National Bank of Kuwait (NBK) reported a record net profit of USD 337 million (KD 98,3 million) during the first six months of 2005 compared with USD 223 million for the same period last year, a record increase of 51%. Return on assets and return on equity also rose to 3.6% and 35.3% respectively, marking an outstanding performance by international standards.
Mr. Ibrahim Dabdoub, CEO of NBK, commented “We are proud of our record increase in profits during the first half of the year. Underlying this remarkable performance is the continued momentum across all business lines and an ability to leverage our strong financial position and liquidity. NBK’s sound business strategy enabled us to fully exploit our potential in a favorable and active regional environment.”

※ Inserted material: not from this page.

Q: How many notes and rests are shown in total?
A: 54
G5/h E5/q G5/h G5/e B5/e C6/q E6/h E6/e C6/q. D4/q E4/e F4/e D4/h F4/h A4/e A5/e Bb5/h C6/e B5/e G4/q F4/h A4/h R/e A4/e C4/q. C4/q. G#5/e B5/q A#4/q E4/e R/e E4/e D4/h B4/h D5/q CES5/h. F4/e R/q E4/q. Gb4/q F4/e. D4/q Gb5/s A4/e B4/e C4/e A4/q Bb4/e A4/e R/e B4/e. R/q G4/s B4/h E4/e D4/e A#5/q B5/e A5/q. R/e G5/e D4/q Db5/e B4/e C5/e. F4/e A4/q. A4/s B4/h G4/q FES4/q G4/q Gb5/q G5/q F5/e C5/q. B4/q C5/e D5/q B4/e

“NBK continues to generate industry leading returns thanks to the diversification of revenue sources and our strong franchise. I am confident that we can maintain our momentum and exceptional results in the coming period, but more importantly maintain our focus on meeting the evolving needs of our customers through all the stages in their lives with an ever widening array of innovative products and services.”
NBK is pursuing an ambitious regional expansion strategy. Last year, the Bank acquired a 20% stake in the International Bank of Qatar together with full management control. Also in 2004, NBK opened a new branch in Amman, Jordan, and a tenth branch in Lebanon. NBK’s international network currently spans New York, London, Paris, Geneva, Singapore, Lebanon, Jordan, Bahrain, Qatar and Iraq. Besides, the Bank boasts the largest local network of 48 branches within Kuwait.

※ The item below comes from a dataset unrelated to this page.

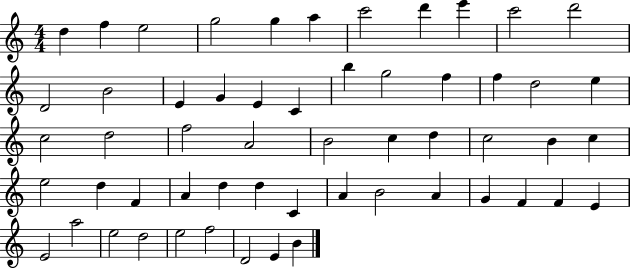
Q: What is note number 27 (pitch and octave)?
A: A4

NBK has the highest credit ratings amongst all banks in the Middle East by international agencies including Moody’s, Standard & Poor’s and FitchRatings, in recognition of its healthy performance, fine asset quality and solid capital base. Rating agencies also praise the depth and stability of NBK’s management and its clear strategy as fundamental pillars for the Bank’s superior ranking.
NBK’s total assets reached USD 18.6 billion at the end of June 2005, while its shareholders’ equity stood at USD 2.3 billion.